Procedimentos: a questão do diálogo, como interrogar?

Instigar a busca de conhecimento sobre a própria experiência de diálogo não é somente um ato que requer exercício voltado à captação de algo externo a si, mas comporta principalmente voltar-se-para-si-mesmo ao perceber-se existindo-com-o-outro. Assim, interrogar a compreensão de diálogo exigiu proporcionar aos participantes desta pesquisa a oportunidade para que eles pudessem falar de si mesmos por meio de sua prática educacional, na interlocução com outras pessoas.

A entrevista reflexiva em grupo (Szymanski, 2002SZYMANSKI, H.; ALMEIDA, L. R.; PRANDINI, R. C. A. R. Perspectivas para a análise de entrevista. In: SZYMANSKI, H. (Org.). A entrevista reflexiva em educação: a prática reflexiva. Brasília, DF: Plano, 2002. p. 63-86.) foi o caminho escolhido para esta investigação, por constituir-se em encontros semidirigidos e sem roteiro fechado, enquanto meio facilitador na reflexão e construção da narrativa dos participantes.

Após cada entrevista coletiva, realizou-se sua transcrição para que o texto resultante pudesse ser lido, a fim de sistematizar o conteúdo de forma mais compreensiva, retirando os vícios de linguagem. Elaborou-se um texto-síntese, na busca de conhecer a compreensão dos entrevistados sobre o fenômeno interrogado.

Em um novo momento de encontro em grupo, realizou-se a devolutiva, por meio da qual se explicitou a compreensão sobre o sentido de diálogo revelado nos relatos. Nesse encontro, fez-se uma leitura grupal do texto- síntese, para que fosse verificada a fidedignidade do conteúdo ali apreendido, dando espaço para esclarecimento de alguma ideia e comentários.

Ao todo, aconteceram três entrevistas reflexivas em grupo e as respectivas devolutivas. A seguir, destaca-se um quadro panorâmico das entrevistas realizadas, apresentando as questões desencadeadoras e os participantes indicados pelos nomes fictícios.

Quadro 2
Panorama das Entrevistas Realizadas

Como foi possível observar no Quadro 2, houve uma oscilação do número de participantes, por falta de disponibilidade em participar de todas as entrevistas e devolutivas agendadas. Essa limitação, porém, não prejudicou o andamento da pesquisa.

Resultado e análise

Foi possível perceber que, desde o primeiro contato com o contexto da pesquisa, deu-se início ao processo de compreensão de diálogo, expressando-se como inquietação em torno daquilo que se pretendia compreender e do modo como se iria compreender.

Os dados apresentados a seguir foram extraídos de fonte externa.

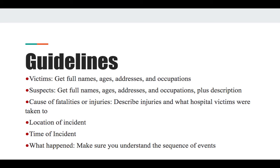Guidelines: you want to make sure that you get full names, ages, addresses, and occupations of suspects and victims. With suspects, you want to make sure you have a description per AP Style 2020. Be delicate on the issue of race — if the color of their skin actually matters in regards to being a suspect, then yes you will have to include that, or their ethnicity, whatever is relevant. If it's not relevant, you don't need it; you go off the description, the city they live in, their age, or their occupation.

A leitura das entrevistas transcritas possibilitou entender o sentido geral de diálogo para os participantes da pesquisa. Após uma nova imersão nos dados como um todo, por meio de várias releituras, foi possível entrever unidades de significado em torno do fenômeno em estudo, sem perder de vista o seu contexto (Szymanski; Almeida; Prandini, 2002SZYMANSKI, H.; ALMEIDA, L. R.; PRANDINI, R. C. A. R. Perspectivas para a análise de entrevista. In: SZYMANSKI, H. (Org.). A entrevista reflexiva em educação: a prática reflexiva. Brasília, DF: Plano, 2002. p. 63-86.). Ao agrupar, na análise, as unidades de significado, juntando conceitos semelhantes que indicaram proximidade de sentido, identificaram-se duas categorias denominadas "procurando interagir" e "o sentido de diálogo se desvelando no processo de construção coletiva do projeto político-pedagógico". Incluem-se nesta subseção as considerações teóricas suscitadas pela análise dos dados.

Procurando interagir

Essa primeira grande categoria evidencia o que os gestores, educadores e representantes da comunidade que participaram deste estudo, de modo geral, indicaram ser o fenômeno do diálogo vivenciado por eles: aquilo que se instaura no momento em que as pessoas estão juntas, interagindo, independentemente do motivo ou de que modo acontece. A compreensão da prática dialógica emergiu, portanto, como sinônimo de interação humana e esteve direcionada aos atos de conversa, silêncio, participação, integração e construção de conhecimento.

Conversa

A linguagem, enquanto mediação da interação humana, foi delimitada à conversa vivida pela fala e escuta, gerando entendimento: "é uma via de mão dupla, um fala, outro escuta, aí cabe uma reflexão, cabe um entendimento. É uma articulação da linguagem" (Marília).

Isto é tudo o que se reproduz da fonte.